The use of titanium implants has increased substantially in dentistry to replace natural teeth due to their high biocompatibility. Titanium or titanium admixtures are the usual constituents of titanium implants, given their mechanical properties and biocompatibility. There is evidence to indicate that titanium dental implants can endure exposure to the oral environment for more than two decades (1). The biocompatibility exhibited by dental implants maybe attributed to the formation of a titanium dioxide layer that prevents direct contact between the implant and the biological environment. This, in turn, reduces the potential for metal reactivity. The success and durability of dental implants are contingent upon their integration with both hard and soft tissues (2). Currently, scholars are focusing on diverse approaches to expedite the process of osseointegration of dental implants and to augment the surface area of implant-bone contact. To achieve this, the osseointegration surface areas are enlarged by creating irregularities on the surfaces of materials used for dental implants (3). The examination of the interactions of dental implants with biological tissues involves the use of a titanium dioxide (TiO2) layer. When subjected to loading conditions, the TiO2 layer is susceptible to damage during movement between the implant and bone tissue, resulting in implant corrosion and consequential weakening. Furthermore, corrosion can trigger the release of minute metallic particles or ions into the surrounding living tissues (4). A previous study revealed that the micromotion of the abutment under cyclic loading may produce wear particles of varying sizes between 2 and 80 nm in conical dental implant systems. Wear debris comprises titanium particles that are recognized to elicit a macrophage response (5). Metal nanoparticles have been widely acknowledged for their ability to trigger an inflammatory response through their immunomodulatory potential. This potential is primarily exerted at the macrophage level and is characterized by an escalation in DNA damage, protein carbonylation, lipid per-oxidation, oxidative stress, and a reduction in superoxide dismutase activity, total glutathione levels and total antioxidant capacity catalase (3).

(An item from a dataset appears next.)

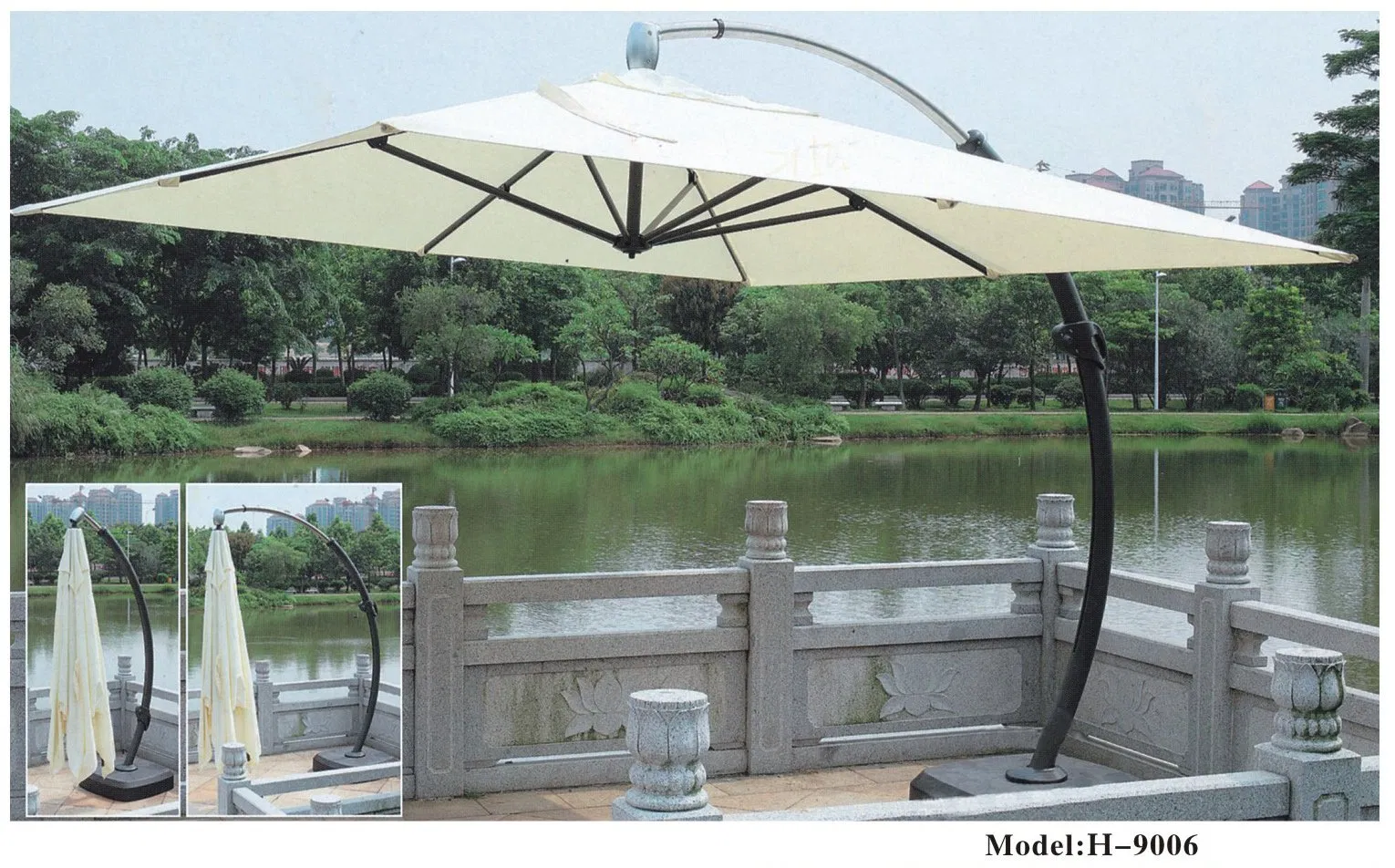 Tropical Oasis - The Elevated Outdoor Banana Hanging Patio Umbrella with Side Stand Garden Parasol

Since the seminal study by Ferguson et al (6), the generation of metal debris from joint replacement surgeries has been a significant concern within the field of orthopedic surgery. The surface oxide film layer of a metallic object implanted within the human body may undergo disruption or degradation over time due to spontaneous mechanical or electrochemical corrosion. This particular interaction can yield chemically reactive metallic byproducts, which may prompt the discharge of metal into the systemic circulation (6,7). Bianco et al (8) investigated the dissimilarity between the levels of titanium in the serum and urine of rabbits and Gopi et al (9) investigated the serum level of titanium in humans before and following implant insertion. No noteworthy elevation was observed in either case. A comprehensive extensive analysis of the metallic constituents in human blood serum has yet to be performed, at least to the best of our knowledge. It is uncertain whether the discharge of titanium or titanium particles from dental implants may have an impact locally or systemically. The present study thus aimed to compare the titanium serum level before and after the placement of dental implants, and to compare the level of serum titanium in patients with healthy dental implants and in those with peri-implantitis.

Patients and methods

Study design

A null hypothesis was developed for the present prospective quasi-experimental study stating that there would be no alteration in the serum titanium level of patients before and after implant placement either in health or disease. The present study was carried out at the Department of Periodontics from 2019 to 2022 and was approved by the M S Ramaiyah University, Faculty of Dental Sciences Institutional Ethical Review Committee (EC-19/12-F-FDS). The study design consisted of two groups of 60 patients in each, including both males and females with an age range of 23-47 years. Group 1 comprised healthy individuals seeking implant placements and group 2 included patients with peri-implantitis who had implants placed >6 months prior. A well-informed written consent was obtained from all the patients informing them about the study and post study publication of data and any related images.

Sample size calculation

The statistical software G*Power (version 3.1) developed by Franz Faul at the University of Kiel (Kiel, Germany) was employed to determine the appropriate sample size for the present study, with a type 1α error rate of 0.05 and a power of 90% (9). Ultimately, a sample size of 53 was selected; however, in anticipation of potential sample attrition, the sample size was increased to 60. As per the sample size calculation each group of the study comprises of 60 patients contributing to total population of 120.

Inclusion criteria

The inclusion criteria used in the present study were the following: Group 1 (healthy individuals): i) Partially edentulous patients; ii) Periodontally healthy patients; iii) Patients with appropriate inter-occlusal distance for the placement of the implants; iv) Patients with no history of metal allergies. Group 2 (patients with peri-implantitis): i) The post implant period should be >6 months, but <2 years; ii) implants having probing depths ≥5 mm; iii) Bleeding on probing and/or suppuration; iv) Bone loss ≥2 mm was considered in the peri-implantitis group.

Exclusion criteria

The following exclusion criteria were used: i) Patients using systemic or local antibiotics over the last 3 months; ii) Immuno-compromised patients, who had received chemotherapy or radiotherapy; iii) Pregnant and lactating women; iv) Patients with a smoking habit.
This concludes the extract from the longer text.